If you mentally exaggerate the movement of the joint under racking and
deflection stress, you can visualize that the stress on the "orphaned" plies
will only weaken their bond to one another: any support from the wider
portions of the pin would contribute to the strength of the joint only as
long as the fibers and glue in them remained microscopically intact.
Furthermore, if you imagine that the wider portions of the pin have become
completely separated, the joint now actually consists of a flat-sided tenon
housed in a long "tail", supported only by the inner, narrow edge of the
tail.
I'm an amateur hobbyist, so I sure can't claim any certainty, but it seems
to me that the strongest joint would be a good old dado, which would
maximize the glued surface area, minimize any compromise of the plies, and
give the most wood-to-wood anti-racking contact.
It sounds as if you are making a stereo cabinet: how about adding hardwood
cleats under the shelves and/or corner braces at the back of the cabinet?
DanD
"Peter Ashby" <[email protected]> wrote in message
news:1fzkjyo.dx6f9e1bviwk0N%[email protected]...

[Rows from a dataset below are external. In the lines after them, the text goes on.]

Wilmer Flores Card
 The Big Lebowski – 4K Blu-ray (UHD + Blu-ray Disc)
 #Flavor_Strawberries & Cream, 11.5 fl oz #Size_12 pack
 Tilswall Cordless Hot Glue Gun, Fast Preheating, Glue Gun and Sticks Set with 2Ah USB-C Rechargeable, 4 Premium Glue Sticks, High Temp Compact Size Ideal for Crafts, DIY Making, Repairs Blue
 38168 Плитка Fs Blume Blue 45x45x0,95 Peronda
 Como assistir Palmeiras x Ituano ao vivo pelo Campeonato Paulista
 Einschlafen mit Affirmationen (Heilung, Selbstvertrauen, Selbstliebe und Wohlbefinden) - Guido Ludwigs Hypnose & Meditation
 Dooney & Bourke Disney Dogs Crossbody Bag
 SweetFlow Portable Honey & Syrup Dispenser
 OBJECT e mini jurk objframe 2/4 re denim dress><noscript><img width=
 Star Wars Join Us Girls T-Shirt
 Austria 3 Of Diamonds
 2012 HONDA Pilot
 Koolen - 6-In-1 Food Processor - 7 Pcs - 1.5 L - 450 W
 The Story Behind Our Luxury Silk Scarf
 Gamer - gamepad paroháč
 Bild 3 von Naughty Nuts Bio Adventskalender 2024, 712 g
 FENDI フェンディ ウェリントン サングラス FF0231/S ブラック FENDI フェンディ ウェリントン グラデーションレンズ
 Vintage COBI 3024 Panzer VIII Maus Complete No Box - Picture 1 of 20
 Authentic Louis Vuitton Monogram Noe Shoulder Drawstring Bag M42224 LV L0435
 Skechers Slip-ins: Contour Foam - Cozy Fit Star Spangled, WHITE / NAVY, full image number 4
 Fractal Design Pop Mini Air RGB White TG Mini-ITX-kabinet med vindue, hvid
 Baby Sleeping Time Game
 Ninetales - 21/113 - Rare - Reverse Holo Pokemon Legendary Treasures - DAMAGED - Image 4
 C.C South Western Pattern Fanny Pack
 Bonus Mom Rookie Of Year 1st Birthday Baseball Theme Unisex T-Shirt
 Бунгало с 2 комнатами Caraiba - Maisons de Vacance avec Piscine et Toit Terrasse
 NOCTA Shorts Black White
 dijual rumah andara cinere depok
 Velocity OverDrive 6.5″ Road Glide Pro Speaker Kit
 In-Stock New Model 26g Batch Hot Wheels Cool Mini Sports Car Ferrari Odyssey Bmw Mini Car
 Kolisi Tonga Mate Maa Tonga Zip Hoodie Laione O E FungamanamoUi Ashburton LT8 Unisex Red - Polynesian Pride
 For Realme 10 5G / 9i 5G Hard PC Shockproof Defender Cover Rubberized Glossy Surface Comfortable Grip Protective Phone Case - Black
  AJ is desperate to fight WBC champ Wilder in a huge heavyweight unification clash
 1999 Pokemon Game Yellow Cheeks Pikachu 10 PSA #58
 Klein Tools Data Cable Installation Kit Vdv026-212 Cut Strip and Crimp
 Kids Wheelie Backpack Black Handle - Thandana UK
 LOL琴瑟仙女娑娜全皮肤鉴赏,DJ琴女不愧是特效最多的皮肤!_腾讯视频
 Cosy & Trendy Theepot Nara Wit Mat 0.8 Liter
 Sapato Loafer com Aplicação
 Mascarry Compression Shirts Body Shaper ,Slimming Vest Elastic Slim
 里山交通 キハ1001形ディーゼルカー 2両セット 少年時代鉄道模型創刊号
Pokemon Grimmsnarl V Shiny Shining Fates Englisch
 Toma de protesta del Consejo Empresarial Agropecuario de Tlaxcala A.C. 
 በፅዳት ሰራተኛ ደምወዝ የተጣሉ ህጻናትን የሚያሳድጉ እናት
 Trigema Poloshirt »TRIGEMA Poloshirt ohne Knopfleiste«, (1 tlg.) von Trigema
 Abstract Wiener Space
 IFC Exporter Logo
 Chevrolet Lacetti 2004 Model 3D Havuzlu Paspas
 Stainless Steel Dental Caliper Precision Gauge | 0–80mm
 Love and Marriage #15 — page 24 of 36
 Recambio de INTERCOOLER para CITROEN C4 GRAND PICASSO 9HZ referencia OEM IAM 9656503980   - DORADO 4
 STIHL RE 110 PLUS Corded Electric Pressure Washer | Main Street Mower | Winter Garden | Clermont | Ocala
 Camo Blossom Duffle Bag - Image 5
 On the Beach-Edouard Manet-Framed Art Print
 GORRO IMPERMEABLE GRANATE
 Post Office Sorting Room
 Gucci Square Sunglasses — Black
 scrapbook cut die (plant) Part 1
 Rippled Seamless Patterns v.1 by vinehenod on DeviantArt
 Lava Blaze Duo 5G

> todd1814 <[email protected]> wrote:
>
> > I had planned to do this with a project but recently read that plywood
> > won't be strong enough. Has anyone tried this? What part of the
> > joint won't be strong enough?
>
> You can cut the joint, though if you are using a router on the ends of
> the shelf scribe the veneer prior to crosscutting with the DT cutter to
> prevent breakout. As for stability, one shelf will help but on its own I
> agree with the other posters.
>
> Peter
On 11 Aug 2003 06:36:12 -0700, [email protected] (todd1814) wrote:
>I had planned to do this with a project but recently read that plywood
>won't be strong enough. Has anyone tried this? What part of the
>joint won't be strong enough?
>
>I'm building a small cabinet with a shelf that will have about 40-50
>lbs of weight on it. Because of the design, I can't have any
>fasteners coming in from the outside. I don't want to have plugged
>holes either. Initially I planned to use dado's to hold the shelf. I
>later decided that sliding dovetails would help hold the sides
>together too. The top of the cabinet is a hinged lid so it won't
>provide any support in holding the top together. The front and back
>of the cabinet will have a face frame so the back can't provide
>lateral stability either.
>
>I'm using 3/4" Red Oak Plywood but who knows what the center is made
>of. I haven't counted the ply's (if that makes a difference).
>
>Any advice is appreciated!
Dowels?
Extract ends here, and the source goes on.